#### [What this task involves]
Going down the listing below, print exactly each line from the one with "Property photo 1 of 12" up to and including the one with "tôlé (V904) #48", and skip the rest.
--- Input material Enclosed Below ---
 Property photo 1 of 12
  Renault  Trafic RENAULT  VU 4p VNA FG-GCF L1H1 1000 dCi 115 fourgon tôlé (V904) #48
--- End of Enclosed Input material ---
--- Input material Enclosed Below ---
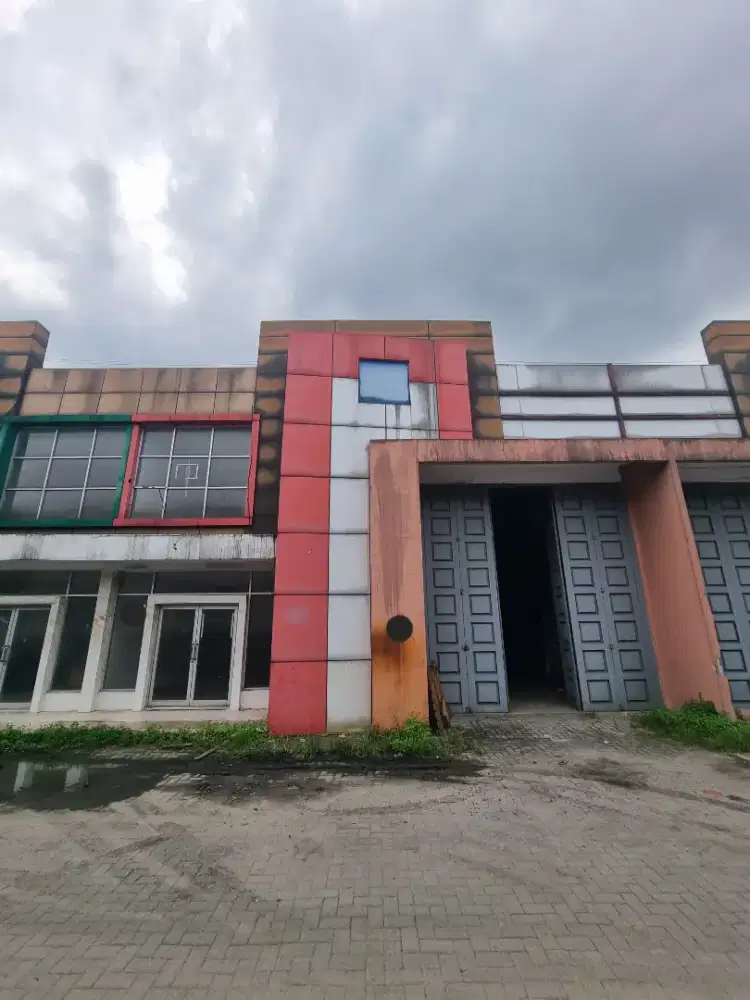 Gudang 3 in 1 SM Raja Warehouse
--- End of Enclosed Input material ---
--- Input material Enclosed Below ---
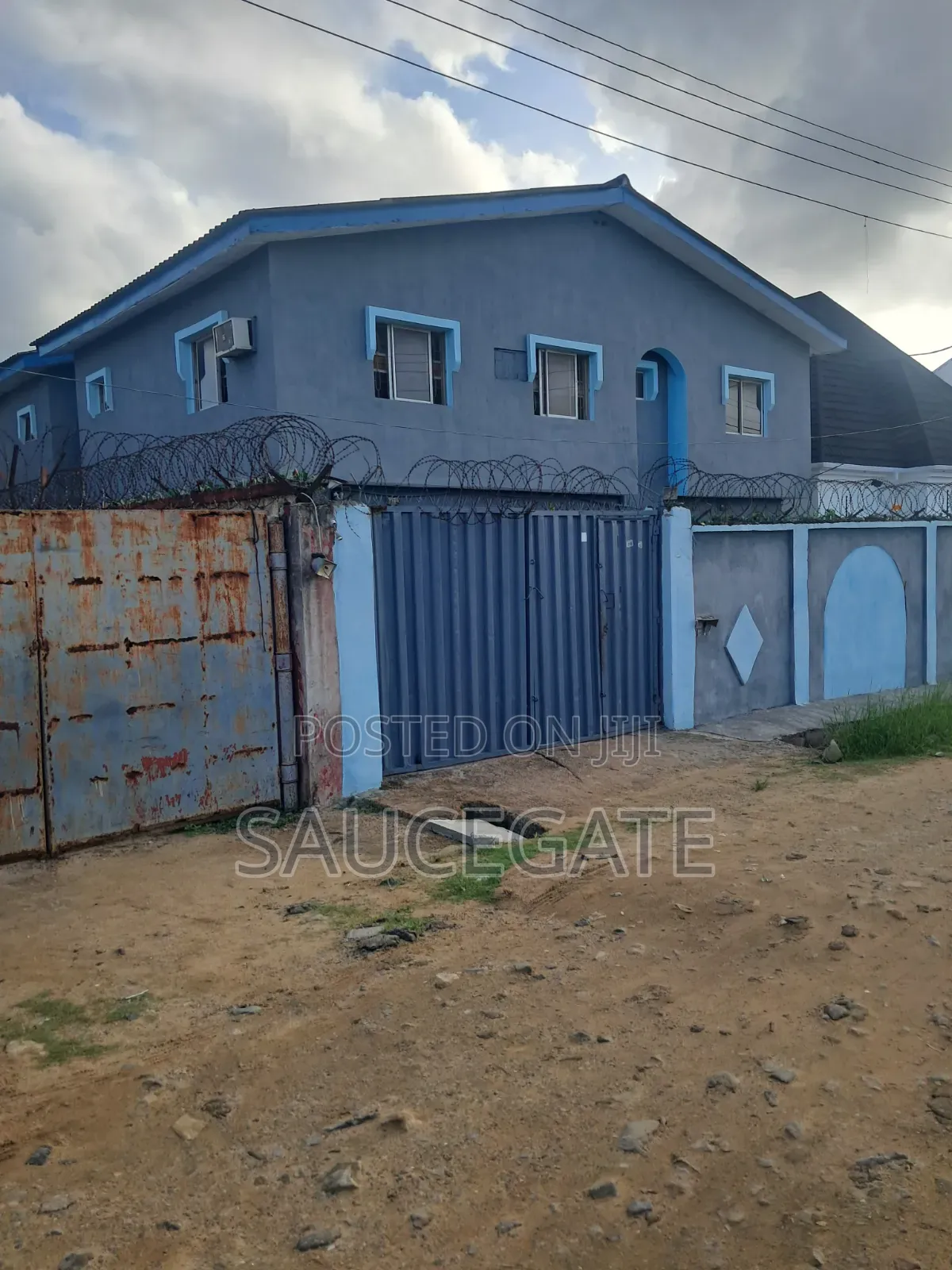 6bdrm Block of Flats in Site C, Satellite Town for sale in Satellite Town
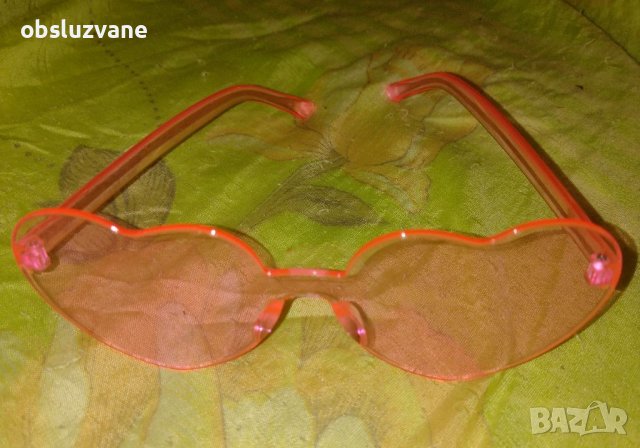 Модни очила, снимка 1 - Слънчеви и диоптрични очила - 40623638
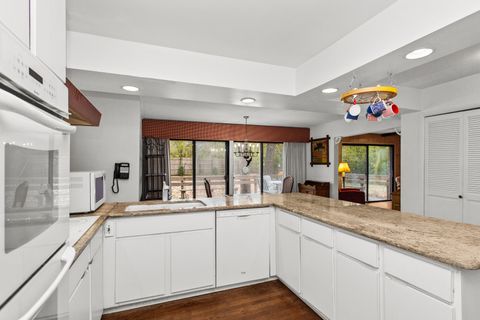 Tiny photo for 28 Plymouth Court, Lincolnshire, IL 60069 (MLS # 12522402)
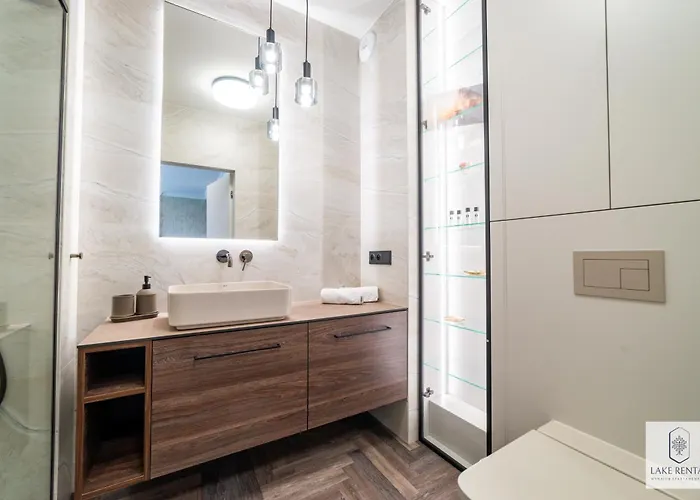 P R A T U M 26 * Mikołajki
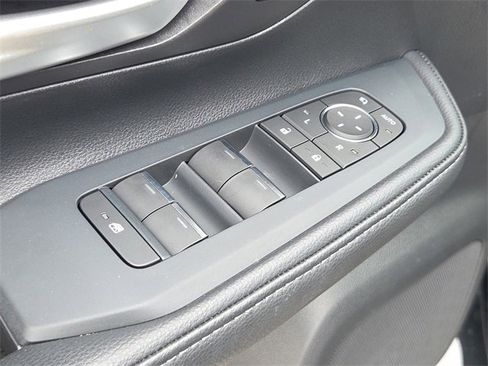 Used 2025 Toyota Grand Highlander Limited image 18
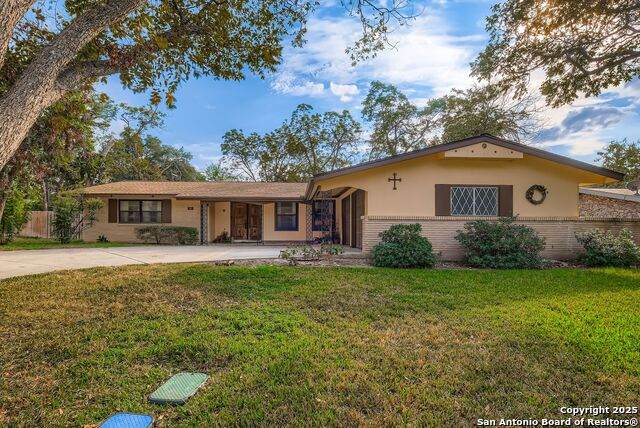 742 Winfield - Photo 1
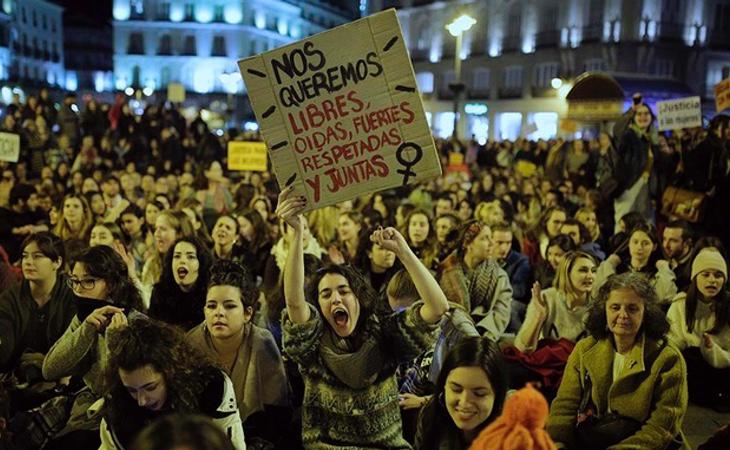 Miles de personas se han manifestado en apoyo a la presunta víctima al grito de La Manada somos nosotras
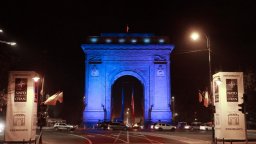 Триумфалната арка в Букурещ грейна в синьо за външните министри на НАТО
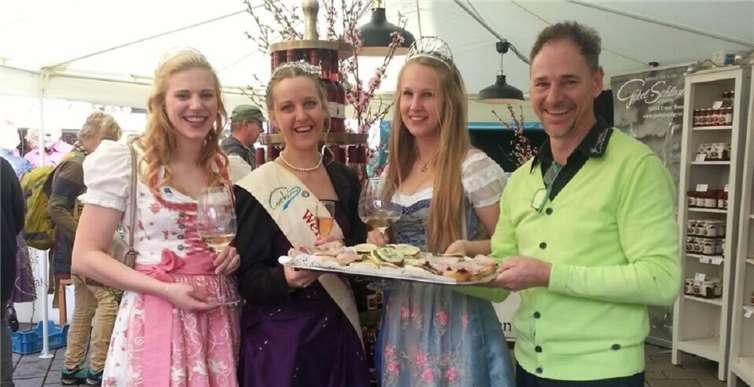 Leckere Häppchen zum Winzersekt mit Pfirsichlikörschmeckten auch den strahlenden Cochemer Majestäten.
--- End of Enclosed Input material ---
#### [Output of the task]
 Property photo 1 of 12
  Renault  Trafic RENAULT  VU 4p VNA FG-GCF L1H1 1000 dCi 115 fourgon tôlé (V904) #48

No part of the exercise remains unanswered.